**PROMPT:**
Please repeat each line from the one holding "V těsném sousedství" through the final line of the data, exactly as it stands, with no pictures.

**SUPPLIED MATERIAL:**
▼
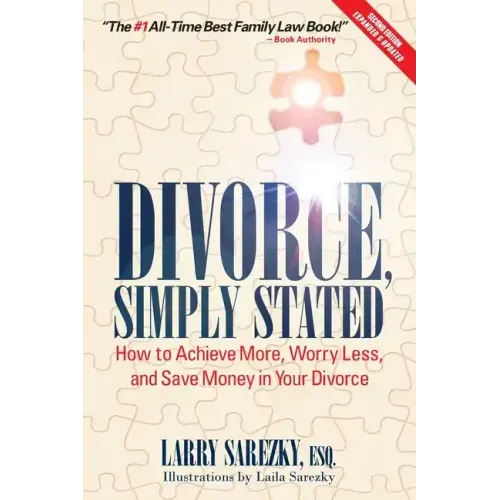 Divorce, Simply Stated (2nd ed.): How to Achieve More, Worry less and Save Money in Your Divorce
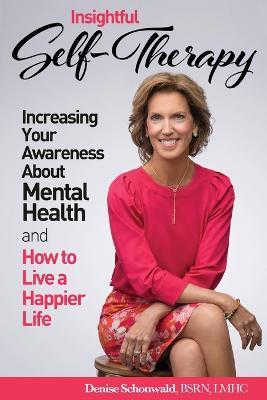 INSIGHTFUL SELF-THERAPY - Increasing Your Awareness about Mental Health and How to Live a Happier Life - Denise Schonwald - cover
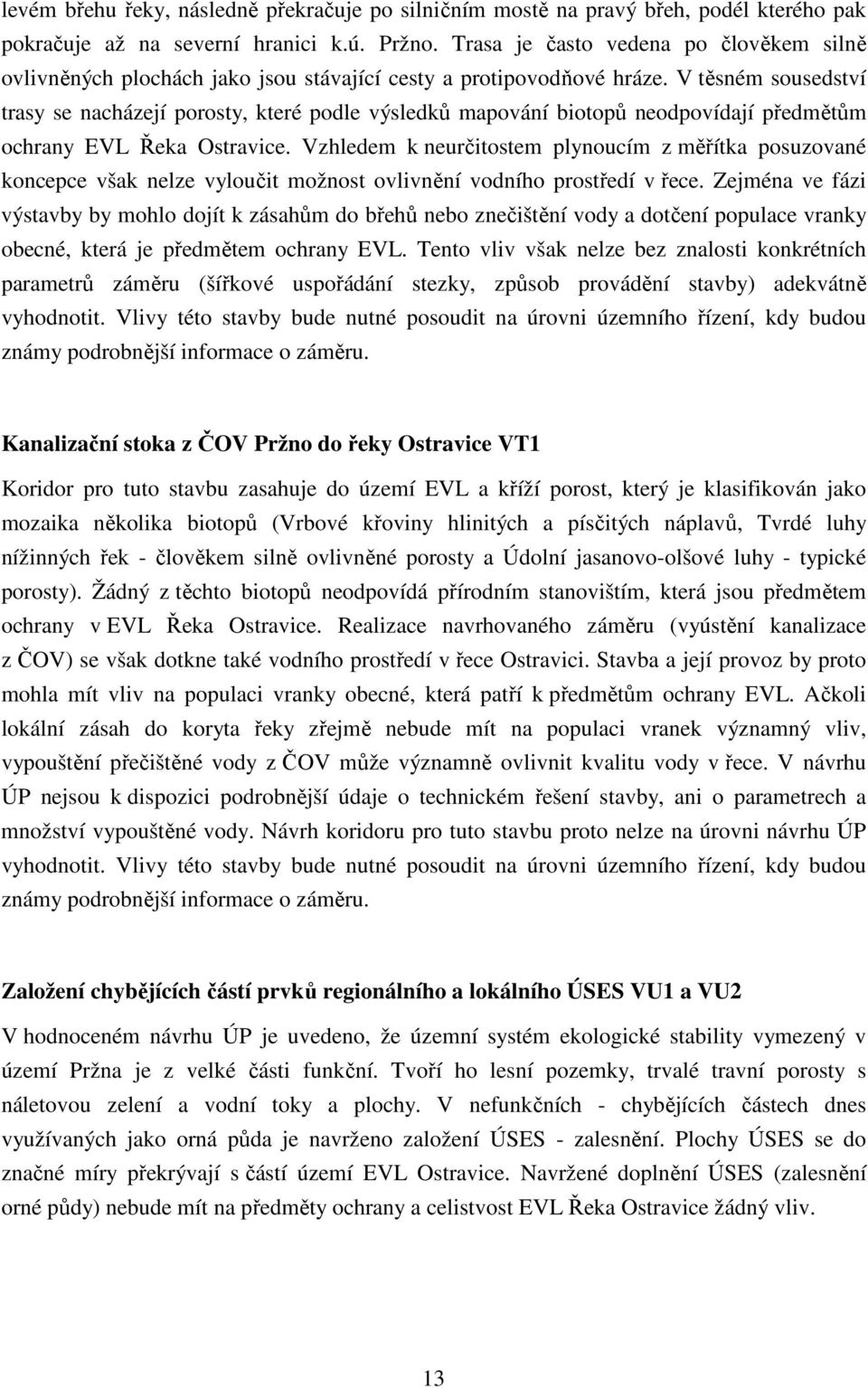 V těsném sousedství trasy se nacházejí porosty, které podle výsledků mapování biotopů neodpovídají předmětům ochrany EVL Řeka Ostravice.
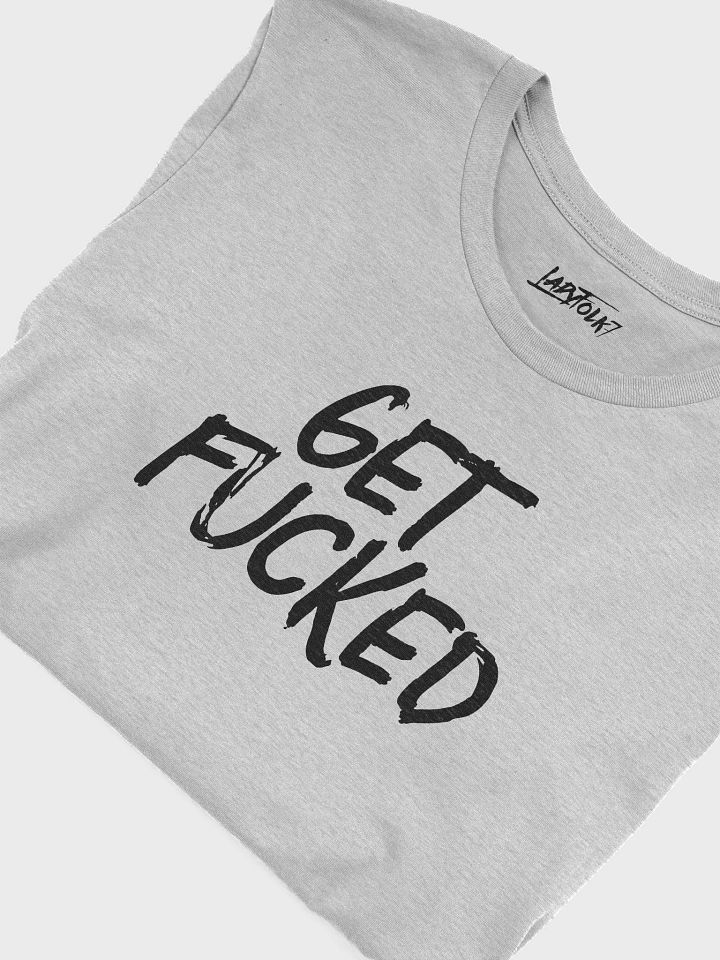 Get F'd T-Shirt product image (1)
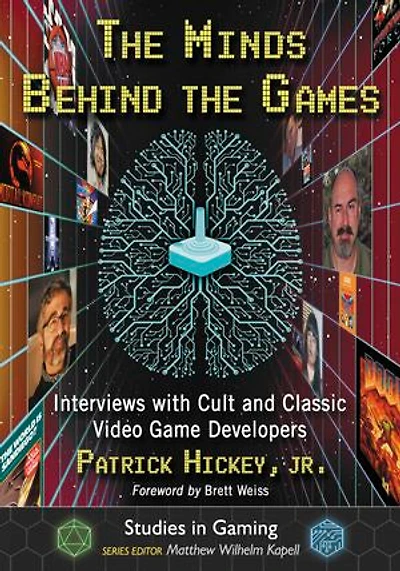 The Minds Behind the Games: Interviews with Cult and Classic Video Game Developers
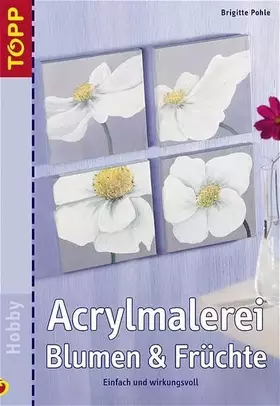 Couverture du produit · Acrylmalerei Blumen und Früchte: Leicht verständliche Schritt-für-Schritt Malanleitung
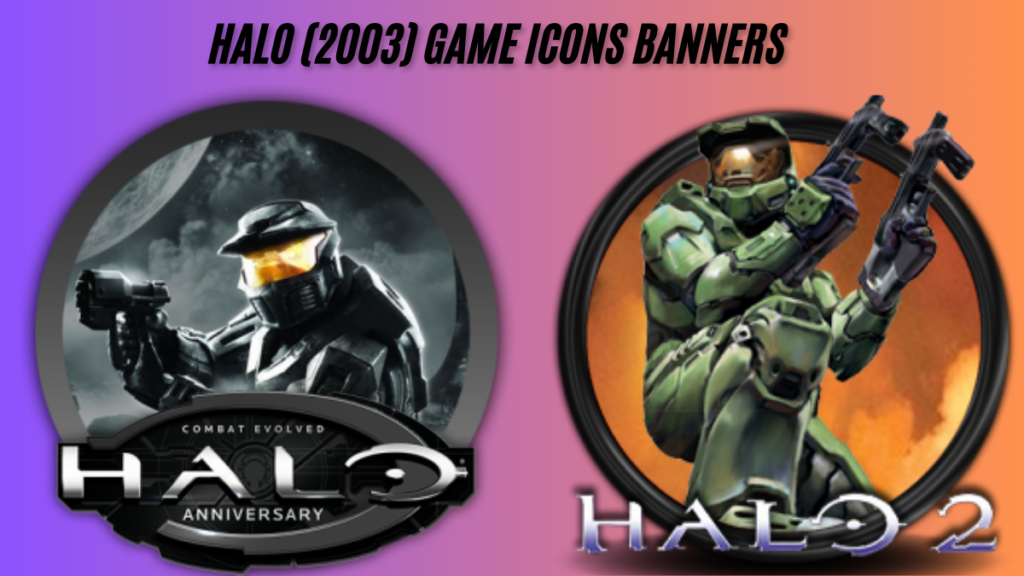 Halo (2003) Game Icons Banners Exploring the best Artistry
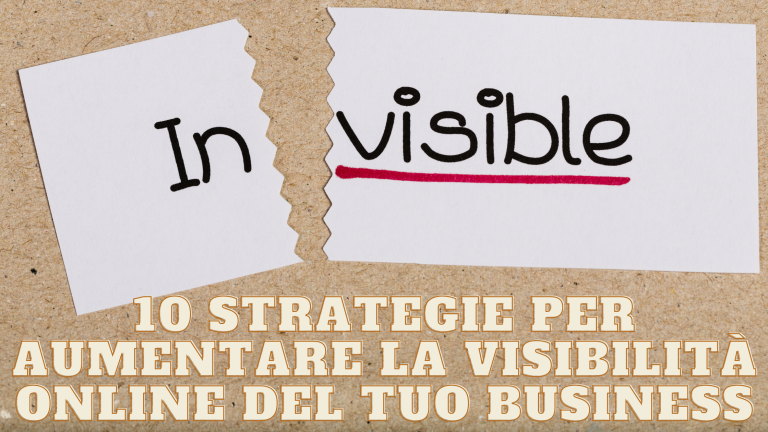 Scopri di più sull'articolo Aumentare la Visibilità Online: 10 Strategie Efficaci per il tuo Business
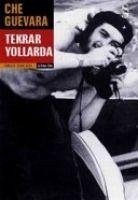 Tekrar Yollarda - Che Guevara, Ernesto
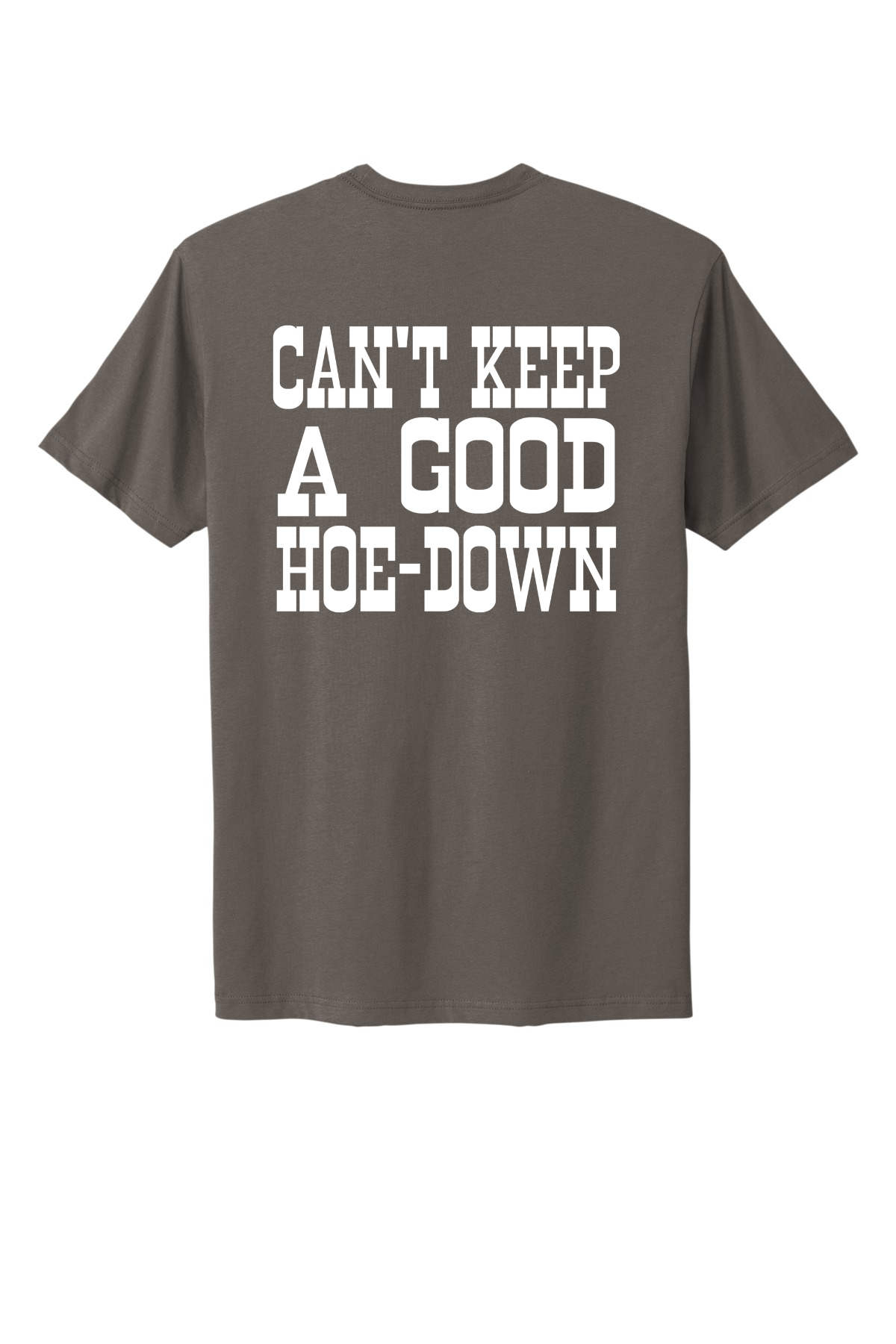 Can't Keep A Good Hoe-Down Tee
▲
**SOLUTION FOR THIS PROBLEM:**
 V těsném sousedství trasy se nacházejí porosty, které podle výsledků mapování biotopů neodpovídají předmětům ochrany EVL Řeka Ostravice.
 Get F'd T-Shirt product image (1)
 The Minds Behind the Games: Interviews with Cult and Classic Video Game Developers
 Couverture du produit · Acrylmalerei Blumen und Früchte: Leicht verständliche Schritt-für-Schritt Malanleitung
 Halo (2003) Game Icons Banners Exploring the best Artistry
 Scopri di più sull'articolo Aumentare la Visibilità Online: 10 Strategie Efficaci per il tuo Business
 Tekrar Yollarda - Che Guevara, Ernesto
 Can't Keep A Good Hoe-Down Tee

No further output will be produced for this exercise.